The answer must consist only of the lines from the line with "4616 Flagship Drive, Apt 204" to the line with "AURA Like a pro lak za nokte 119 deep forest", both included, exactly as they stand below.

*** Block opens ***

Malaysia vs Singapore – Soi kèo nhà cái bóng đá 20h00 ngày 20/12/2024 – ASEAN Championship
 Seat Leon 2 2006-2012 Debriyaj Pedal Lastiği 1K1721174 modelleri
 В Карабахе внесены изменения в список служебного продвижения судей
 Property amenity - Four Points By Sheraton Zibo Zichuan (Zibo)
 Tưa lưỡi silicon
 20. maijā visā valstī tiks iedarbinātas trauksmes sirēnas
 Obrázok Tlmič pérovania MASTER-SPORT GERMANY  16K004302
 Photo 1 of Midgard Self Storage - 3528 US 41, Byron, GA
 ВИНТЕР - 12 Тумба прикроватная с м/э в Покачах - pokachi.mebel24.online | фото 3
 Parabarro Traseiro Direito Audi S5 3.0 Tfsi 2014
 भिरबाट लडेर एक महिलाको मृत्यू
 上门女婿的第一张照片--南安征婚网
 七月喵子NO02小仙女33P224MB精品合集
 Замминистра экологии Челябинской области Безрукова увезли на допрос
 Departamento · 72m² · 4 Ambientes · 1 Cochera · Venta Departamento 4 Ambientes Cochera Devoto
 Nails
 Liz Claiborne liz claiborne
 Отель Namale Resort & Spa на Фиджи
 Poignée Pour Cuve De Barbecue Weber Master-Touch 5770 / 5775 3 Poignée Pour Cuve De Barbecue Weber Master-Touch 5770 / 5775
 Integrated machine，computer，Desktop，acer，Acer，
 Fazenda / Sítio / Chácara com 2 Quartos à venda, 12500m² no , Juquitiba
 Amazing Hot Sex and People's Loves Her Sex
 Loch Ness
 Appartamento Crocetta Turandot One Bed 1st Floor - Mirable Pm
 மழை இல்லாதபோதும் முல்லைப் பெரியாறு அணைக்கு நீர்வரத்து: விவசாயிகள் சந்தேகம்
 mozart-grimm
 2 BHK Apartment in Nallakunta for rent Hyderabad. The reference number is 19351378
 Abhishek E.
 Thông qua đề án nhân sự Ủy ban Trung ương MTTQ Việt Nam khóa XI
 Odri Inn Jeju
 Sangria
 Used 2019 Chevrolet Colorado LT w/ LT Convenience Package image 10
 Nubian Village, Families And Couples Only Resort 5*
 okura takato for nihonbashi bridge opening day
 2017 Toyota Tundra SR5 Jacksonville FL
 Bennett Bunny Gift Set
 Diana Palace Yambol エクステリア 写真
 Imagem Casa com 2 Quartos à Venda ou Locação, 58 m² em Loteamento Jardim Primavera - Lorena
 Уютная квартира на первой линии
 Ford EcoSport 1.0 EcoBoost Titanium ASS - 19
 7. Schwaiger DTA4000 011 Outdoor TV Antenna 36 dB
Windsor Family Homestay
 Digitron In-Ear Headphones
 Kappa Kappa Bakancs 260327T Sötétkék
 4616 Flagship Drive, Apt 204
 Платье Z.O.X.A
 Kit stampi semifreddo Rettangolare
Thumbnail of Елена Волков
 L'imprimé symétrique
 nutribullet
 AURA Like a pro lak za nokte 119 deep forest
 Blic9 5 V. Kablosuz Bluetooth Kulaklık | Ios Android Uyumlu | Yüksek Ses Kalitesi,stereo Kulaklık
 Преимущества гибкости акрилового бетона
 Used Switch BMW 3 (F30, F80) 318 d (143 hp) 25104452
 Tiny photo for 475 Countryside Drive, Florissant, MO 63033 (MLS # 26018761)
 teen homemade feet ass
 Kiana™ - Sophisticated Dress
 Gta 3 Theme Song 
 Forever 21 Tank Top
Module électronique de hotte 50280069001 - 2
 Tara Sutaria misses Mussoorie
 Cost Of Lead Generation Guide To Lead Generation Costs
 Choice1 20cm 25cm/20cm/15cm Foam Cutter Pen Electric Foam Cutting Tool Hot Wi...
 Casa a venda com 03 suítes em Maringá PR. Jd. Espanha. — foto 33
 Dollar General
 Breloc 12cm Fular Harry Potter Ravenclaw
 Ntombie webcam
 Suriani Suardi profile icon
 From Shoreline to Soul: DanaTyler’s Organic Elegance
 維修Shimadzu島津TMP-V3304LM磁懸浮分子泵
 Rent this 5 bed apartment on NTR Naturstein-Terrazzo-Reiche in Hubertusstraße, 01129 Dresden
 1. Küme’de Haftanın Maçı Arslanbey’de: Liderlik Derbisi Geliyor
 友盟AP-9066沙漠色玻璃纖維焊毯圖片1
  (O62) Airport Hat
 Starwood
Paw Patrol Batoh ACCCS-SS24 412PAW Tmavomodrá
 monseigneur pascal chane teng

*** Block closes ***

Final answer ->
 4616 Flagship Drive, Apt 204
 Платье Z.O.X.A
 Kit stampi semifreddo Rettangolare
Thumbnail of Елена Волков
 L'imprimé symétrique
 nutribullet
 AURA Like a pro lak za nokte 119 deep forest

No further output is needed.